It would probably useful to have such for the TO, ideally integrated with Foris perhaps.

Aside from LXC I would reckon NextCloud and NAS stressing the eMMC unduly, notwithstanding Writing to mmcblk0p1 concerns - #2 by paja - SW help - Turris forum

But what about Pakon and other apps like the DNS resolvers?

ajb007 · April 10, 2019, 6:02am

Can you try all this command whit only /dev/mmcblk0 (whole mmc chip)?

cynerd · April 10, 2019, 7:51am

Flash memory in TO is (up to my knowledge) SK hynix eMMC4.5 which manufacturer specifies, for density of 4GB, 2.4TB total bytes written before EOL.

eMMC on its own does not track write cycles like standard drives and does not have mechanism like smart. You can use mmc extcsd read /dev/mmcblk0 from package mmc-utils to take a peak in to amount of used reserved blocks.
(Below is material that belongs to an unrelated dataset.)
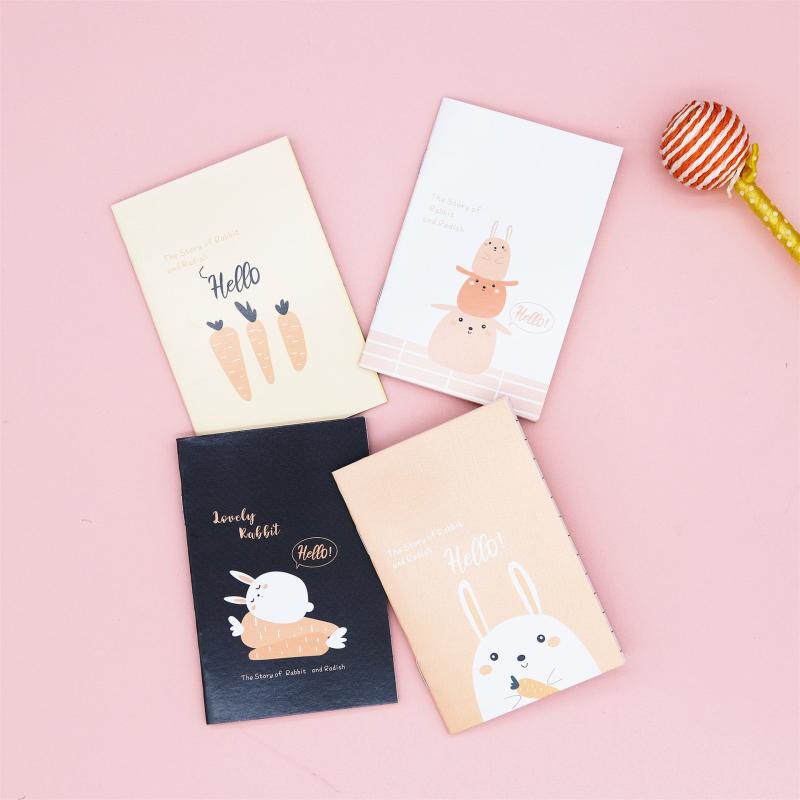 4 Pack Mini Cartoon Animal Print Notebooks, 32 Pages, Ruled Pocket Size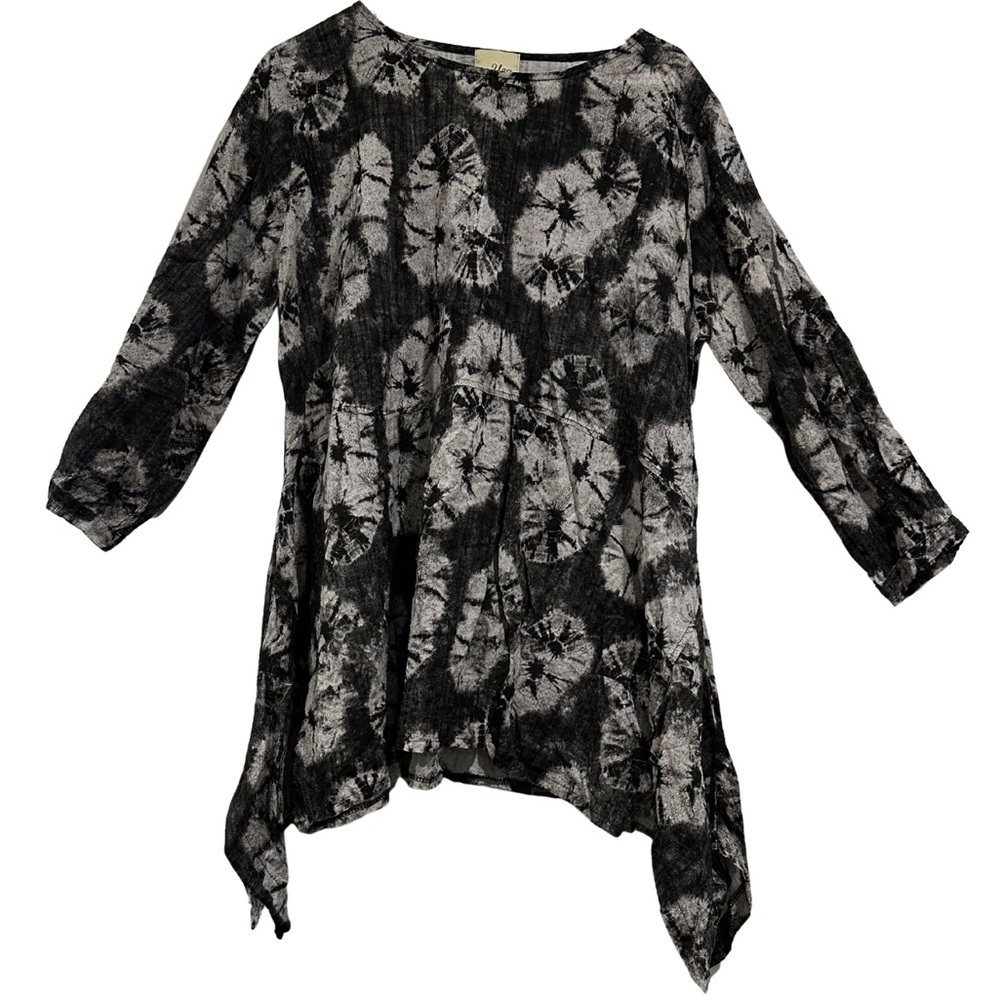 Lagenlook Boho Asymmetrical Oversized Top Cotton Artsy Flowy Blouse Size S/M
That is field EXT_CSD_DEVICE_LIFE_TIME_EST. Value is in range of percents so 0x01 is from 0%-10% blocks used, 0x02 is from 10%-20% and so on. When amount of reserved block used is close to 100% then NAND is pretty much EOL.

You should know that this is not linear. This is secondary statistics and tells you nothing about complete wear. Common wear is an avalanche effect. Nothing is happening for a long time and then all blocks starts failing at once. Meaning percentage of used reserved blocks might start rising very quickly.

Note that you need TOS 4.0+ to see required field. Version of mmc-utils in TOS 3.x is not capable to read it.

We have also in pipeline tool called healtcheck that is intended as a monitoring tool for potential problems on router.

Non that we know about. There might be and user can easily create one just by miss-configuring some standard application. Nonetheless all applications we know about that by design write to FS are pointed to /srv and storage plugin can be used to mount /srv to external storage.

That is pretty much impossible. It is 153 ball FBGA. I am not saying that is can’t be done and you can found companies and individuals that are able to do that but it is almost not worth it. Unless you know someone who is able to do this kind of repair for cheap then it is not worth it. And because you have to heat up board to desolder and solder chip you are also risking some other malfunction.

anon50890781 · April 10, 2019, 9:12am

mmc extcsd read /dev/mmcblk0 is showing

Extended CSD rev 1.8 (MMC 5.1)

Will that be still in the 3.x trunk or only 4.x?

How about schnapps export which seems pretty write extensive. And also schnapps rollback and frequent medkit installations (when testing RC or 4.x or testing tweaked settings)?

That works, thanks for the pointer.

anon50890781 · April 10, 2019, 9:27am

@cynerd

mmc extcsd read /dev/mmcblk0 reveals

Bad Block Management mode [SEC_BAD_BLK_MGMNT]: 0x00

Does it mean that Bad Block Management is turned off (assuming it would read 0x01 if turned on)? And if so would turning it on be beneficial to the health management of the eMMC?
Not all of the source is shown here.